Una práctica habitual de los maestros es permitir un mayor control sobre su labor, por ejemplo dejando la puerta del aula abierta o manteniendo encuentros más asiduos con padres y madres para que puedan conocerlo en profundidad y evacuar cualquier sospecha sobre su persona. Por otra parte, también resulta bastante habitual entre los maestros jardineros el hecho de mostrar una preocupación constante por formarse desde el punto de vista teórico para ensanchar su legitimidad profesional.
A la inversa de lo que sucede en muchos ámbitos profesionales en los que son las mujeres las que deben demostrar un plus en relación con sus colegas varones, en el aula son los maestros jardineros los que tienen que esforzarse más para obtener reconocimiento y confianza allí donde las “seños” la han ganado hace rato.

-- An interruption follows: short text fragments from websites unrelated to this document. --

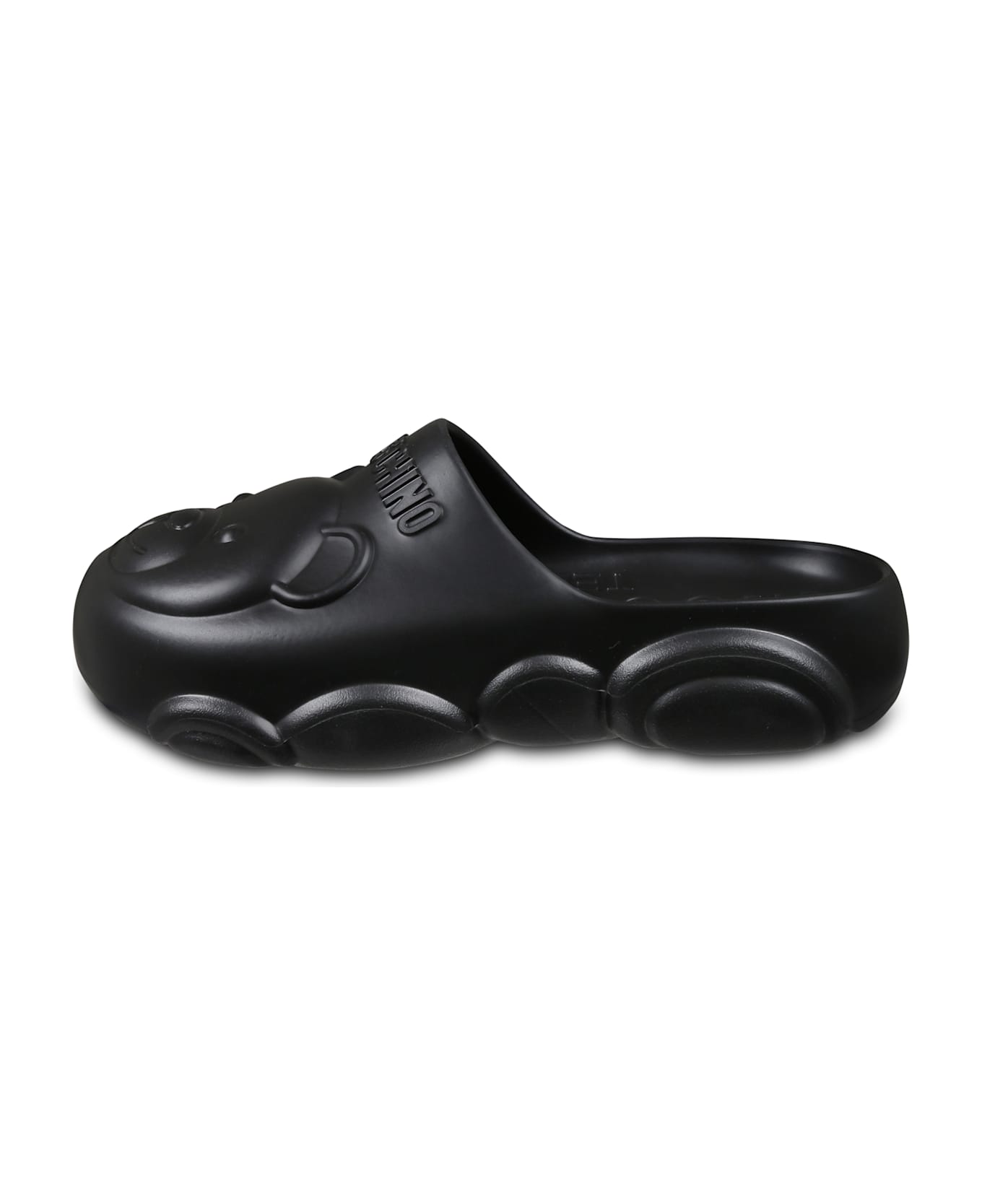 Moschino Black Mules For Kids With Teddy Bear - Black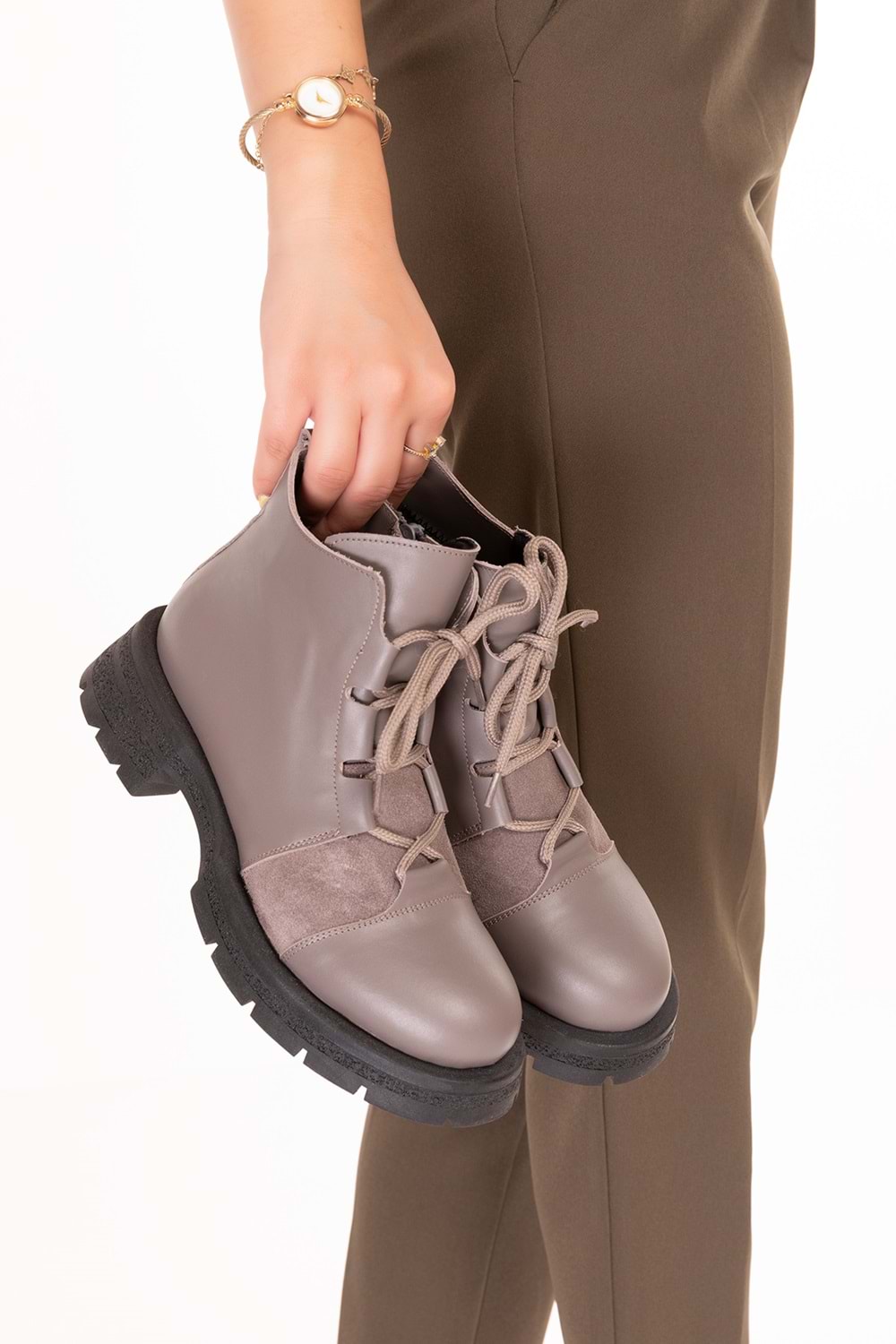 Gondol Hakiki Deri Günlük Şık Bot Bellamy - Vizon - 37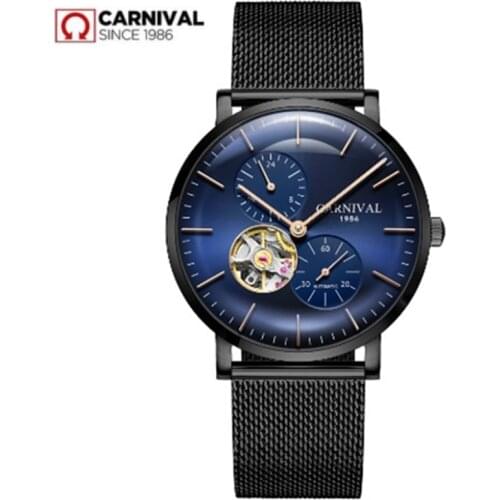 2018Carnival ultrathin men watch top brand luxury automatic mechanical watches men full steel clocks relogio masculine kol saati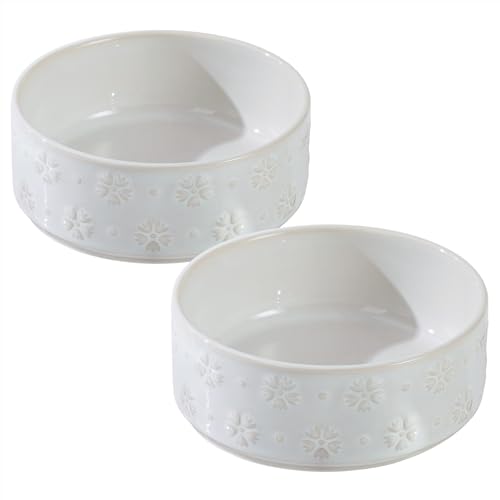 Havniva Dog Bowls Ceramic, Dog Food and Water Bowl Set | 5.1inch Dog Food Bowl, Dog Water Bowl, Food-Grade Ceramic Non-Slip Rubber Base, Dishwasher Safe, 2 Pack, Small Dogs, Puppy - color: 2 Bowls-Arctic White, size: 1.6CUPS
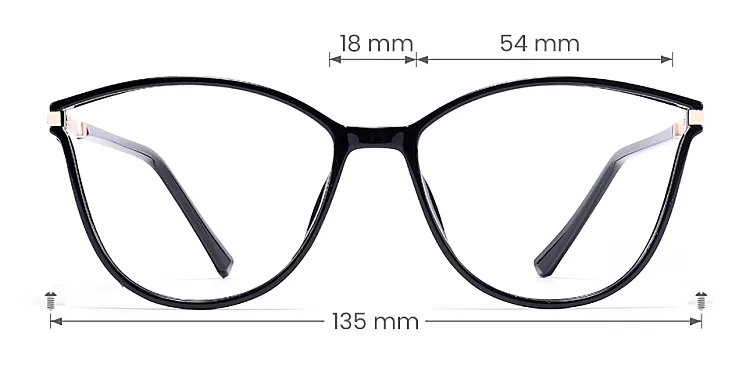 Darleen black   Plastic  Eyeglasses, size view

Sin embargo, este desequilibrio no viene a realizar algún tipo de justicia redistributiva, como tampoco la incursión de los varones en el ámbito de la docencia inicial implica, por sí misma, un trastocamiento en los estereotipos que priman tanto dentro como fuera de la salita. “En modo alguno su presencia en las escuelas es garantía de un régimen de género más justo –aclara Brailovsky–. La mixidad es sólo un elemento de la justicia de género, y no garantiza que una vez allí reunidos varones y mujeres no reproduzcan, ambos, formatos patriarcales tradicionales.” El sexismo, reitera Morgade, se expresa en múltiples dimensiones en el aula, “con frecuencia, en los modelos de familia que maestras y maestros tienen construidos y que se filtran cuando sólo llaman a las mamás a conversar, cuando se sorprenden o compadecen de que un papá esté a cargo de la crianza, o cuando se inmovilizan si viene una familia con dos mamás o dos papás o se escandalizan de que una madre de seis hijos no recuerde a qué edad uno o una de ellos comenzó a caminar”, ejemplifica.
Sin duda, la presencia de maestros jardineros representa una disrupción, un desafío y una oportunidad para que varones y mujeres puedan cuestionar algunas de las normalidades sobre las que se afirma la escuela.